Hong Kong: A Font of Inspiration / 14ymedio, Eliecer Avila

Students during the march for "The Cuban Five" (Lux Escobar)
Students during the march for “The Cuban Five” (Lux Escobar)

14ymedio, Eliecér Avila, Havana, October 2, 2014 — I saw the images of the Cuban students’ march in support of “the Cuban Five” and against “terrorism” and “subversion.” Telesur also echoed the news. I don’t know if any other television network has covered this topic. What I do know is that the participants believed they were giving an indisputable show of strength, principle and, possibly, valor.

So what did the nation gain from this audacity? Nothing – except many public expenses.

In contrast, I watch what is happening in Hong Kong, one of the most economically dynamic cities in the world, where thousands of students have been able to mobilize massive public sectors in support of their call for free local elections. The central government in Beijing opposes this demand.

Let us compare these two situations, both of which are developing in Communist territories.

In one case, protesters are taking to the streets calling for more democracy and for respect of citizens’ ability to elect their own representatives, against obstructionist government forces. In the other case – the one here (in Cuba) – the demonstrators travel comfortably to their site on buses, with snacks, slogan-emblazoned T-shirts, and security detail all included. All this to make a show of boldness geared to and directed by an agenda that has nothing to do with student demands or social protests in our country.

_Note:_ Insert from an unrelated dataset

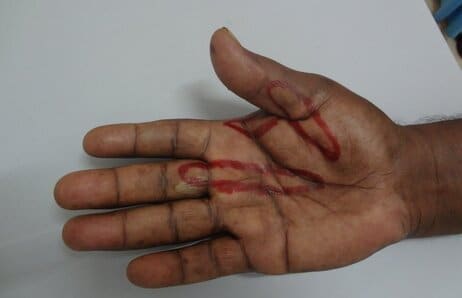 Hand with Dupuytren's disease, with the cords marked on the palm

The students in Hong Kong get by with using social networking applications that make a joke of state censorship. When denied Internet access, they communicate directly with each other. The Cuban students use powerful megaphones to shout their “Long Live!” chants to those who are not allowed Internet access.

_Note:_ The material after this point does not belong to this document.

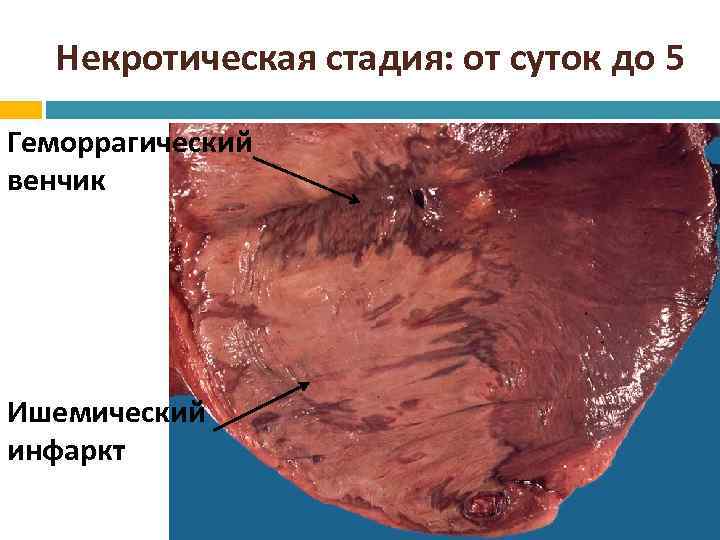 Некротическая стадия: от суток до 5 Геморрагический венчик Ишемический инфаркт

The apathy of Cuban university students towards the state of the nation does not cease to astound me.

The apathy of Cuban university students toward the state of the nation does not cease to astound me. If the young people of our country, with their vibrant health and energy, do not defend our elderly, our poor, our workers – our own selves – who will do it? —The state? —The bureaucracy? —The very causers of our problems?

Of what use is a march which forgets that we live in a country without the least shred of freedom of the press? Where the workers cannot afford even to eat adequately with the wages they are paid? And where the capital city is crumbling? What manner of respect can a youth and university movement inspire if it is incapable of empowering itself to recapture its autonomy and liberty?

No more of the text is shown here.